----- Records supplied -----
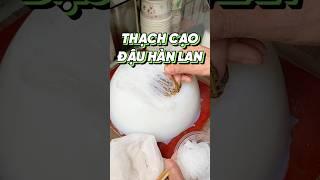 THẠCH CẠO ĐẬU HÀ LAN CỦA ÔNG LÃO #food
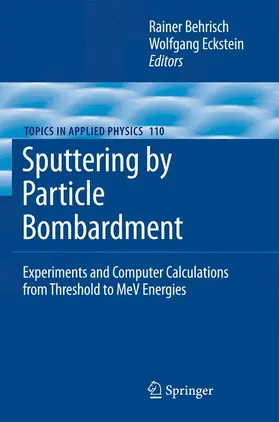 Eckstein / Behrisch |  Sputtering by Particle Bombardment | Buch |  Sack Fachmedien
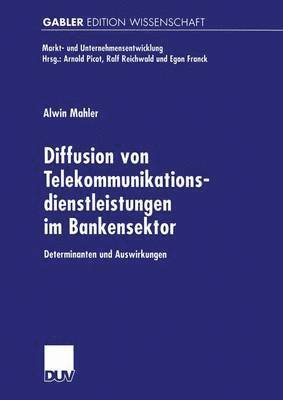 bokomslag Diffusion von Telekommunikationsdienstleistungen im Bankensektor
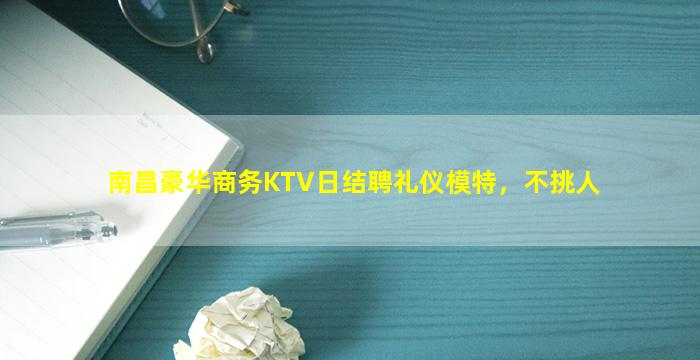 南昌豪华商务KTV日结聘礼仪模特，不挑人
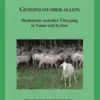 Gemeinsam oder allein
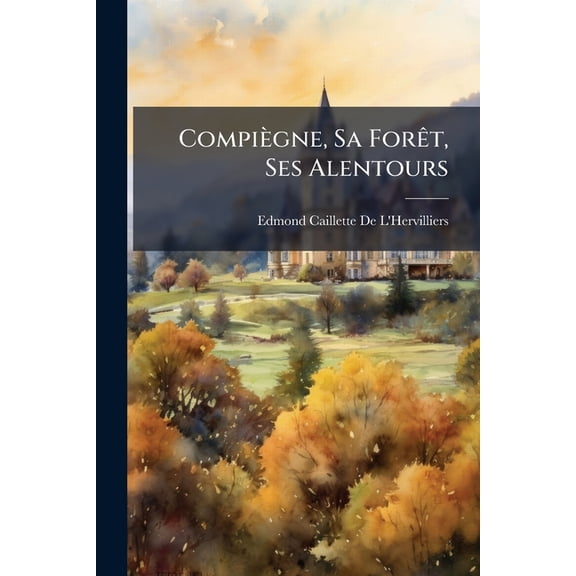 Compiègne, Sa ForÃat, Ses Alentours, (Paperback)
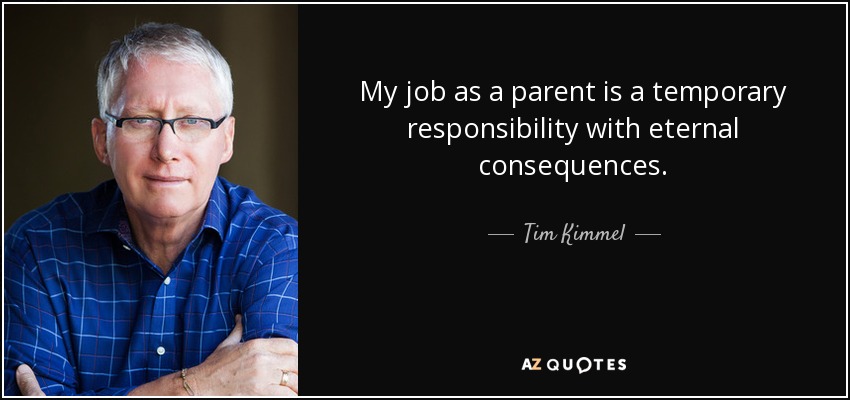 My job as a parent is a temporary responsibility with eternal consequences. - Tim Kimmel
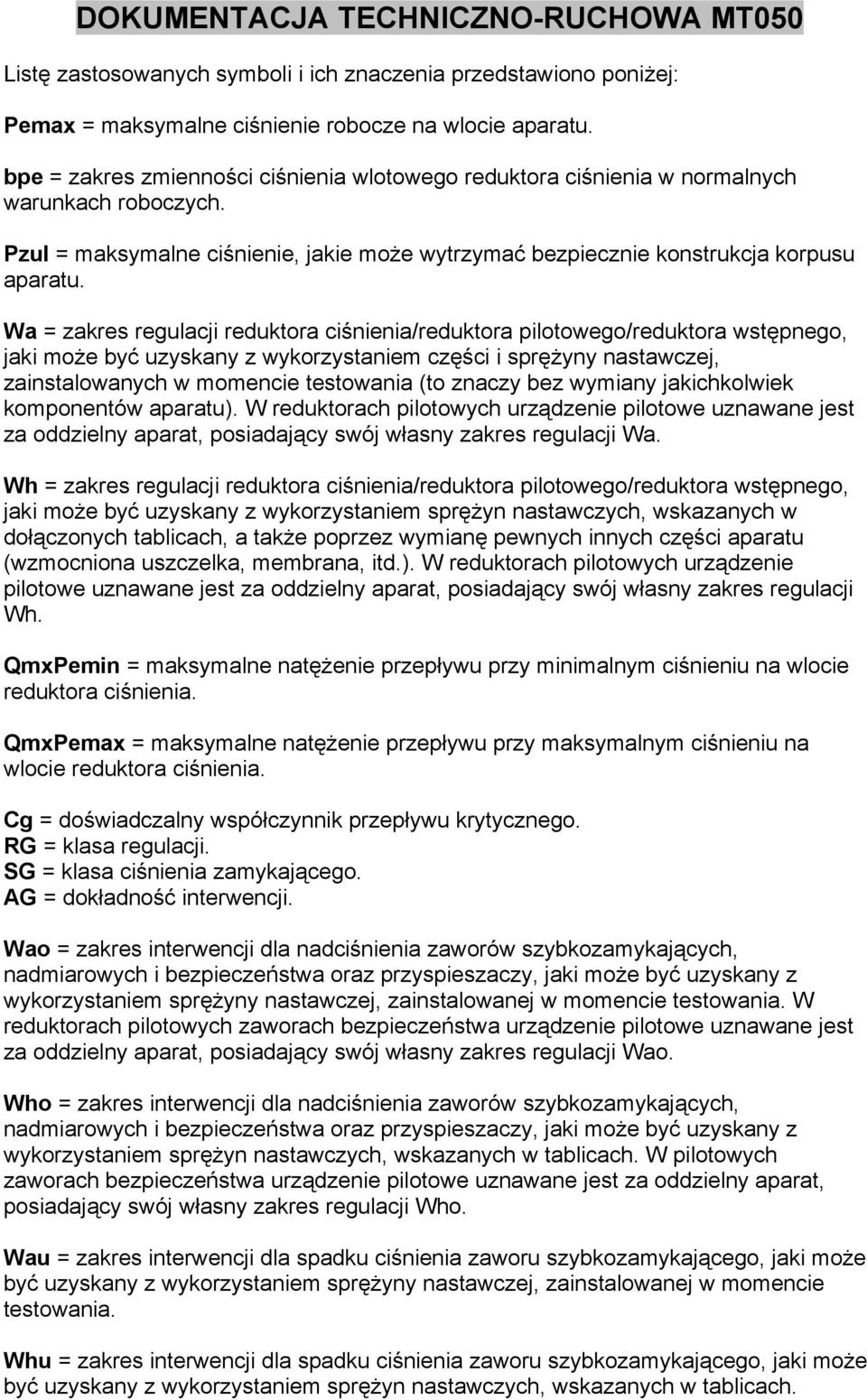 Wa = zakres regulacji reduktora ciśnienia/reduktora pilotowego/reduktora wstępnego, jaki może być uzyskany z wykorzystaniem części i sprężyny nastawczej, zainstalowanych w momencie testowania (to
-----
Description of the task: Pictures in the material above should be skipped; print exactly the lines from the one with "南昌豪华商务KTV日结聘礼仪模特，不挑人" through the one with "My job as a".

Output:
 南昌豪华商务KTV日结聘礼仪模特，不挑人
 Gemeinsam oder allein
 Compiègne, Sa ForÃat, Ses Alentours, (Paperback)
 My job as a parent is a temporary responsibility with eternal consequences. - Tim Kimmel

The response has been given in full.